Author Patrick Morley challenges men to get beyond the surface happiness and find instead a success that really matters--a success paradoxically rooted in a life of unselfish love, suffering, and sacrifice. You already know that money and stuff won't make you happy, don't you? Are you ready for some reality? Bestselling author Patrick Morley shakes up the existing messages about how men find happiness in this paradigm-busting book. Morley challenges your comfort zone with neglected biblical insights about happiness that many have been afraid to utter in this me-first generation. Ten Secrets for the Man in the Mirror offers life-changing insights about the nature of true happiness and how to attain it. It helps you discover the "blockage points" that can keep you from joy, and it guides you toward success that matters. Concise and engaging, this book is perfect for the on-the-go man in search of a guiding purpose the rat race can't begin to offer. True happiness has everything to do with the kind of man you are and whose man you are.
This was a very simple and practical book, that reiterates some important concepts in what it means to be a man of God in today's culture. The 10 secrets weren't really anything new to me, but the author brings up a lot of good, affirmative points with a variety of real-life stories and scenarios. I personally enjoyed his concepts on love; how the person your wife is, is partly your responsibility, and how we love unconditionally, to be loved unconditionally, because God loves unconditionally.
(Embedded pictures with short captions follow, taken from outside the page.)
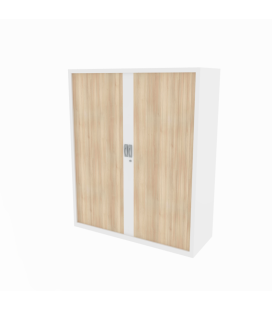 Armario metálico medio, con puertas de persiana, efecto madera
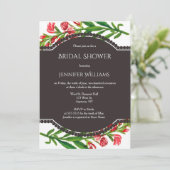 Vintage Blumendusche Einladung (Stehend Vorderseite)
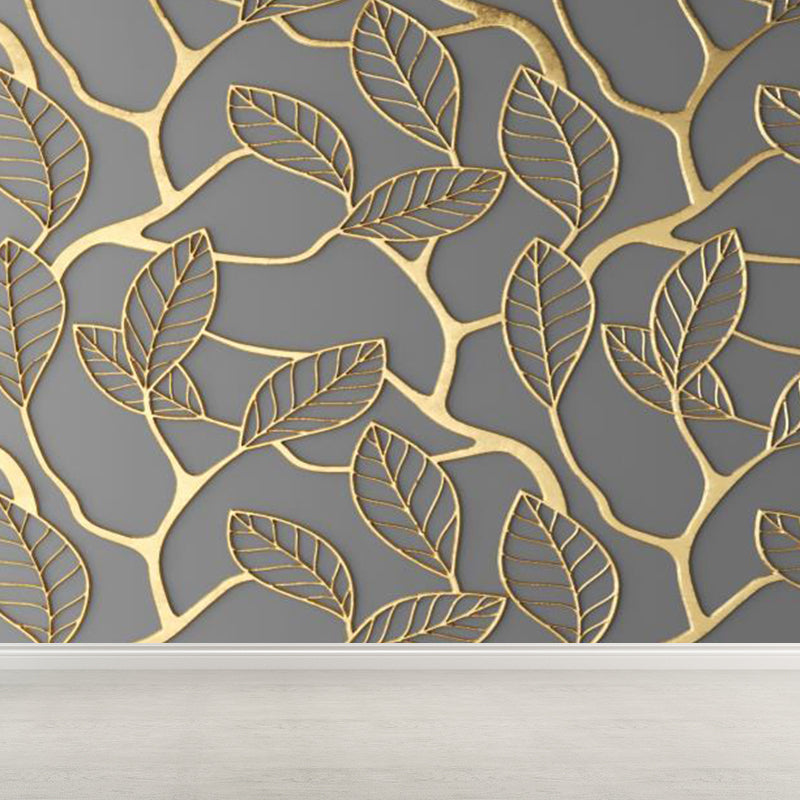Huge Leaves Mural Decal for Bathroom Botanical Wall Art in Pastel Color, Moisture Resistant Gold Clearhalo 'Wall Decor' 'Wall Mural' 1757232
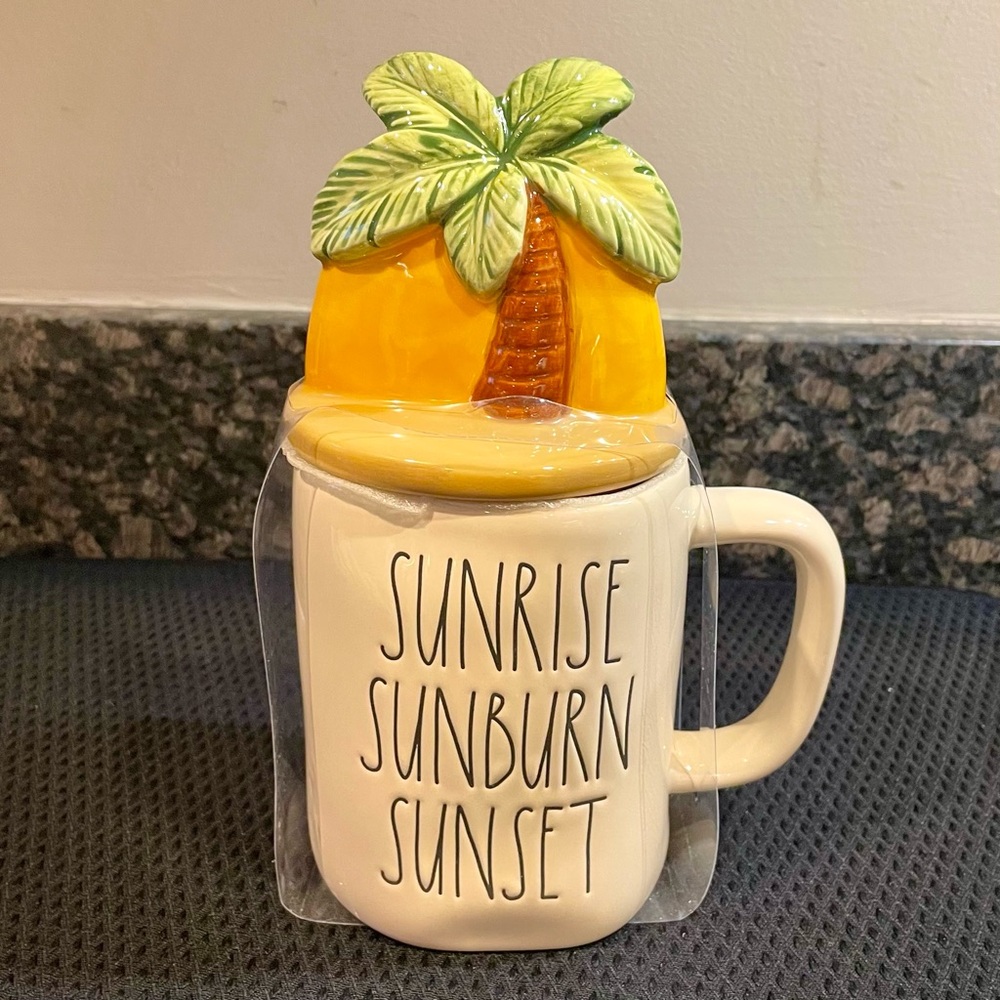Rae Dunn Sunrise Sunburn Sunset Mugs Cups W Palm Tree Lid Cover – Set of 2 New - Picture 3 of 8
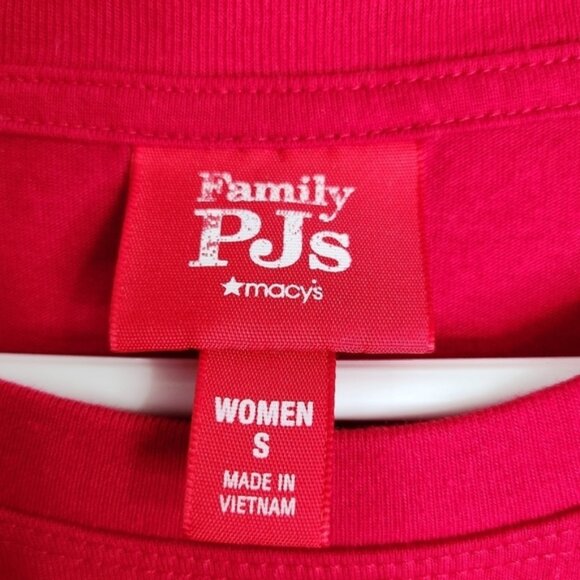 Macy's Red/White Matching Merry Bright Holiday Pajamas Set Size S Women's - Picture 6 of 13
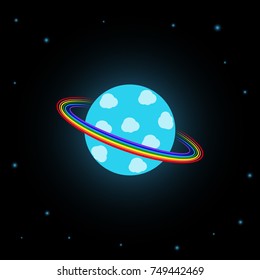 Blue planet with rings of 7 colors of the rainbow. Vector illustration on a background of starry outer space.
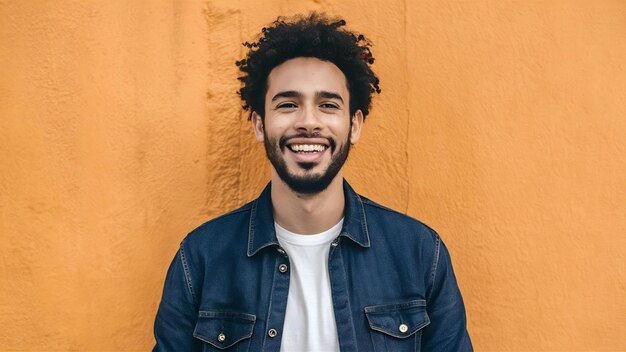 Un jeune Brésilien isolé sur un fond blanc heureux et souriant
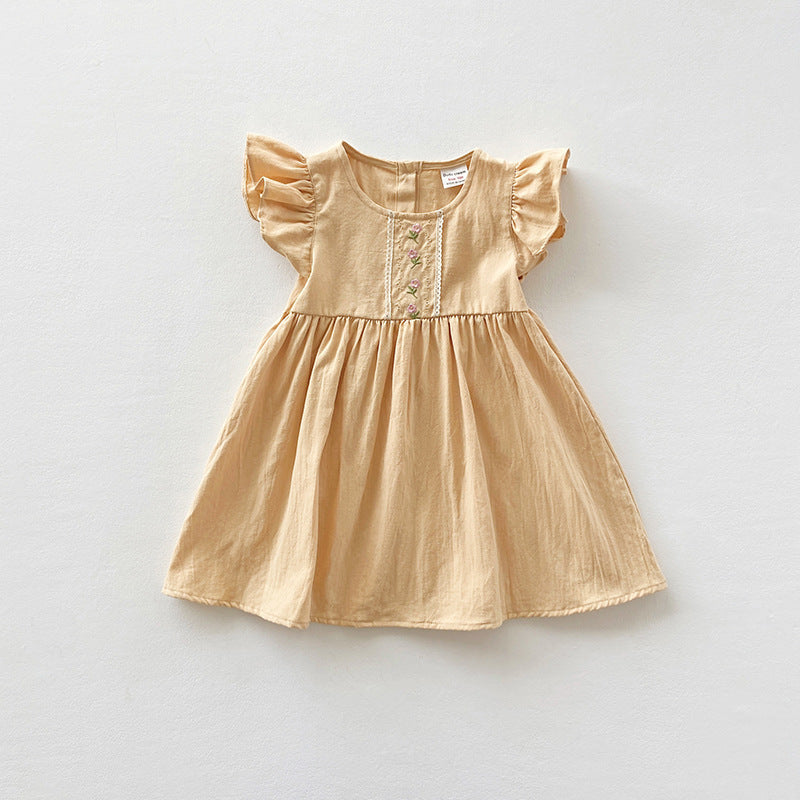 Girls Cotton Lace Embroidered Flower Short Sleeve Dress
My only critisism is that it is clear the author is a wealthy business man, and as a high school teacher, I personally didn't click with all of his examples (buying a house on the lake, selling a house with a tennis court, etc). That's all good though, just something to be aware of before reading. This book would be a great gift for a business man who is searching for something outside of their small world of work and money.
A good book to encourage men to focus their lives on the ministry opportunities they face every day - family, work, relationships. Men need to quit focusing their lives on what they want, get, deserve, etc., and begin to focus on leading, loving, and equipping their families. This book is a call to do just that.
Excellent scripture references without being excessively scholarly. Focuses on actions.